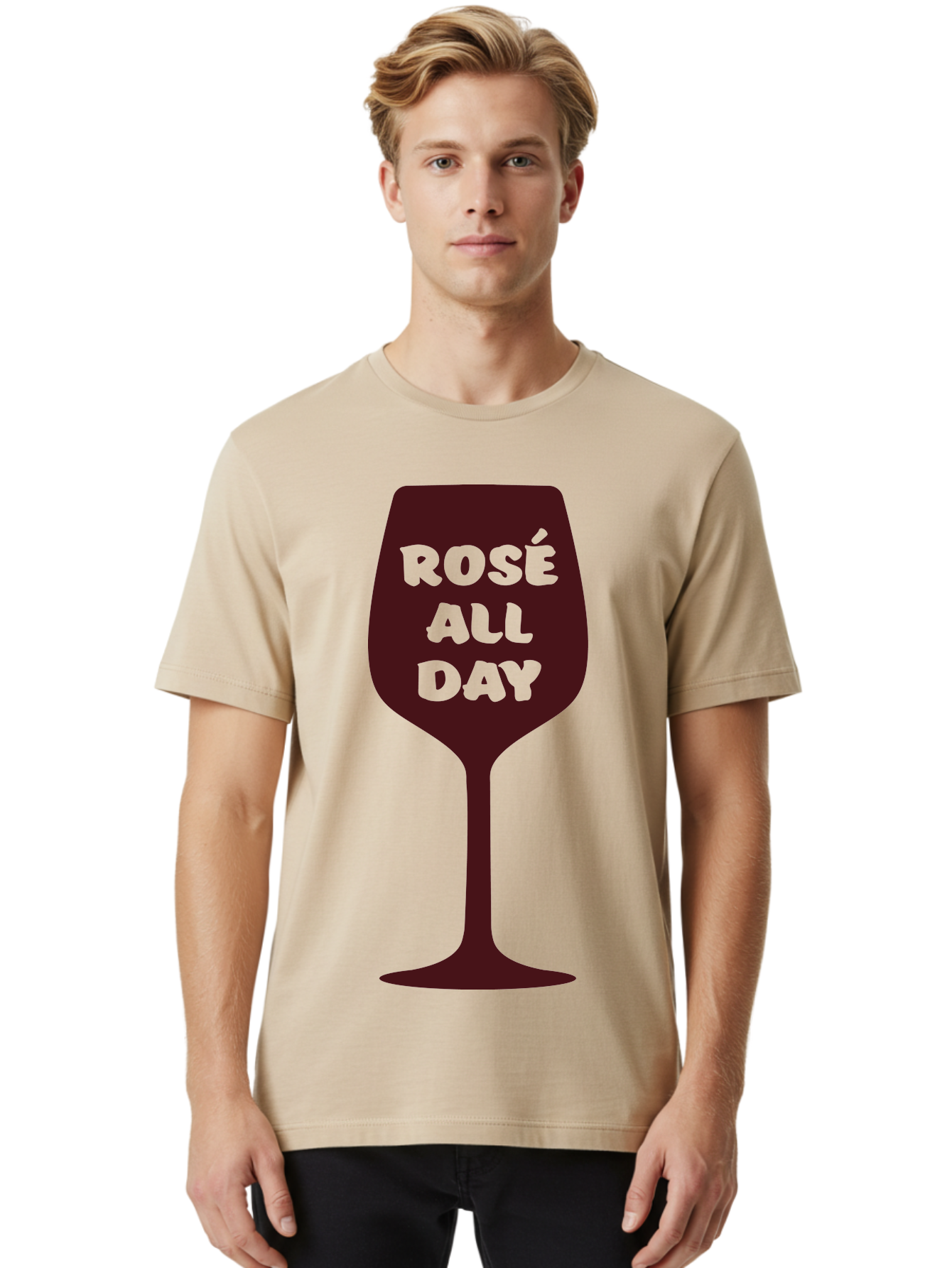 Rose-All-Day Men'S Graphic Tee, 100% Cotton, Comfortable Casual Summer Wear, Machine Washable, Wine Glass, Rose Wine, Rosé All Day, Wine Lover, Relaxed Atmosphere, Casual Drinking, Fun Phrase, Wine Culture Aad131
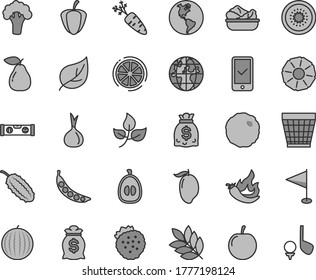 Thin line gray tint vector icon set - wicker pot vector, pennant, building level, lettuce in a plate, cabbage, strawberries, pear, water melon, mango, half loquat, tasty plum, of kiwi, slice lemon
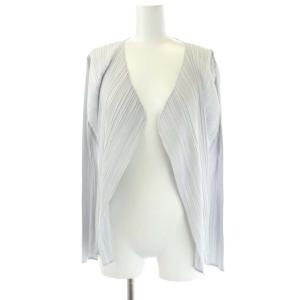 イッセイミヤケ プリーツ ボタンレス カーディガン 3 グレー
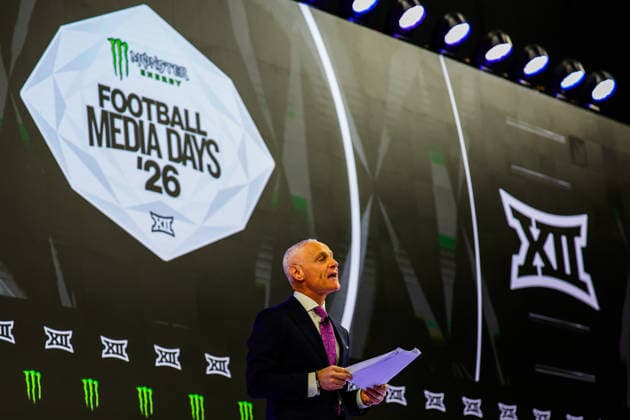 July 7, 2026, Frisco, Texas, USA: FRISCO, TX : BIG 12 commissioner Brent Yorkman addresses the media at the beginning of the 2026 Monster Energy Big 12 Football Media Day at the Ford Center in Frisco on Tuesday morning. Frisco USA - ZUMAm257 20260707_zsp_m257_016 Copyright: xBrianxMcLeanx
--
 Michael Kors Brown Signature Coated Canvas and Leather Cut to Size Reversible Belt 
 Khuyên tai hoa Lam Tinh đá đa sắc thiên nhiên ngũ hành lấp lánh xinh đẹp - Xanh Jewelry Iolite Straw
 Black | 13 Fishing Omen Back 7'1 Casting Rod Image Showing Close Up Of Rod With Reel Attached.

* What is expected
Once the line with "Rose-All-Day Men'S Graphic" is found above, print it and every line after it through the line with "July 7, 2026, Frisco, Texas, USA: FRISCO, TX", exactly. Pictures stay out.

* Solution to this task
 Rose-All-Day Men'S Graphic Tee, 100% Cotton, Comfortable Casual Summer Wear, Machine Washable, Wine Glass, Rose Wine, Rosé All Day, Wine Lover, Relaxed Atmosphere, Casual Drinking, Fun Phrase, Wine Culture Aad131
 Thin line gray tint vector icon set - wicker pot vector, pennant, building level, lettuce in a plate, cabbage, strawberries, pear, water melon, mango, half loquat, tasty plum, of kiwi, slice lemon
 イッセイミヤケ プリーツ ボタンレス カーディガン 3 グレー
 July 7, 2026, Frisco, Texas, USA: FRISCO, TX : BIG 12 commissioner Brent Yorkman addresses the media at the beginning of the 2026 Monster Energy Big 12 Football Media Day at the Ford Center in Frisco on Tuesday morning. Frisco USA - ZUMAm257 20260707_zsp_m257_016 Copyright: xBrianxMcLeanx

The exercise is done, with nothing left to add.